[Brief descriptive captions]
----------

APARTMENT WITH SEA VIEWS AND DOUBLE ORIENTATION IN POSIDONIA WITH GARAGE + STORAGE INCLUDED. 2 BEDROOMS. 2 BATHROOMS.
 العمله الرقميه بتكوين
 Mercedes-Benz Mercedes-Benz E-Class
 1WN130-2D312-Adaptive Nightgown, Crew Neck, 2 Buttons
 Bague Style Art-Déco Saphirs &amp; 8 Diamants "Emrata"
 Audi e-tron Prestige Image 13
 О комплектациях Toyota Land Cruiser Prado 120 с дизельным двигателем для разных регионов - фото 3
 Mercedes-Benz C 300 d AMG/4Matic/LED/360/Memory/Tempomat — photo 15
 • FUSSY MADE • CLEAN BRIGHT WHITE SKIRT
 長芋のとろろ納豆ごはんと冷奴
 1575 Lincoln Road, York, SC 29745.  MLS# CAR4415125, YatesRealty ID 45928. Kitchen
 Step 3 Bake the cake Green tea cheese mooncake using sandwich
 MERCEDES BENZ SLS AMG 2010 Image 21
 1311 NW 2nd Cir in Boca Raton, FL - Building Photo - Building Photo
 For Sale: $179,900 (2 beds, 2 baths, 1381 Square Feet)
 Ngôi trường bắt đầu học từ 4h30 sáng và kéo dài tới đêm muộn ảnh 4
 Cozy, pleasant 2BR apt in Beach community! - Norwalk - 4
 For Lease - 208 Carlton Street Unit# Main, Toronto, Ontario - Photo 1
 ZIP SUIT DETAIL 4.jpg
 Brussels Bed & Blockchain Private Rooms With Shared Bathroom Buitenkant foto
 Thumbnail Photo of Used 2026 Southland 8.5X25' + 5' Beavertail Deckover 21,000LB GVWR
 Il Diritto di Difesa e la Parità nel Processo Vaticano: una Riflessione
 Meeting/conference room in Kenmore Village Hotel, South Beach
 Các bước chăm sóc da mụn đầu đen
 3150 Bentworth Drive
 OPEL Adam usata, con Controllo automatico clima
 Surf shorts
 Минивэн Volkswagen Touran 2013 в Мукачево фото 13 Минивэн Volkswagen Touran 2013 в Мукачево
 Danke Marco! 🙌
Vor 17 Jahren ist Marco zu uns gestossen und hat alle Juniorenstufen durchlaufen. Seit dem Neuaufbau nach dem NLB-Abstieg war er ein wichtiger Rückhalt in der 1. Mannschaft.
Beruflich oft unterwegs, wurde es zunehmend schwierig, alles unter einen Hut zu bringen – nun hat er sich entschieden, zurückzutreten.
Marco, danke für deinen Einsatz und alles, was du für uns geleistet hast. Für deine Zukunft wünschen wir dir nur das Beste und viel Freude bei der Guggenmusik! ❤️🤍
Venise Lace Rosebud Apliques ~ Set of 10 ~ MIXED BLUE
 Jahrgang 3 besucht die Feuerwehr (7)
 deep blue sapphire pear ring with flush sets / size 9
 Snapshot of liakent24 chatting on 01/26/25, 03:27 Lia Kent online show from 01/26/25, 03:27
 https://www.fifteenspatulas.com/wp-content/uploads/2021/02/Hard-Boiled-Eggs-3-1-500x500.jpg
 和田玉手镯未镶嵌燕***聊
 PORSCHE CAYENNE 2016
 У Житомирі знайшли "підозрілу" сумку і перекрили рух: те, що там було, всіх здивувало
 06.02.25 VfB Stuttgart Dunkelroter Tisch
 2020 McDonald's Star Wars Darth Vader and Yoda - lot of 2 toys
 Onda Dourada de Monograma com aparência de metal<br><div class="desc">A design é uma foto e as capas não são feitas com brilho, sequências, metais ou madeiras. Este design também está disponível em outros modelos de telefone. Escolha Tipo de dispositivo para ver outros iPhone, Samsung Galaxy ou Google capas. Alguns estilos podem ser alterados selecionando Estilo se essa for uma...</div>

----------

## Work request
Wherever the string "фото" occurs in the records above, copy that line.

## Written solution
 О комплектациях Toyota Land Cruiser Prado 120 с дизельным двигателем для разных регионов - фото 3
 Минивэн Volkswagen Touran 2013 в Мукачево фото 13 Минивэн Volkswagen Touran 2013 в Мукачево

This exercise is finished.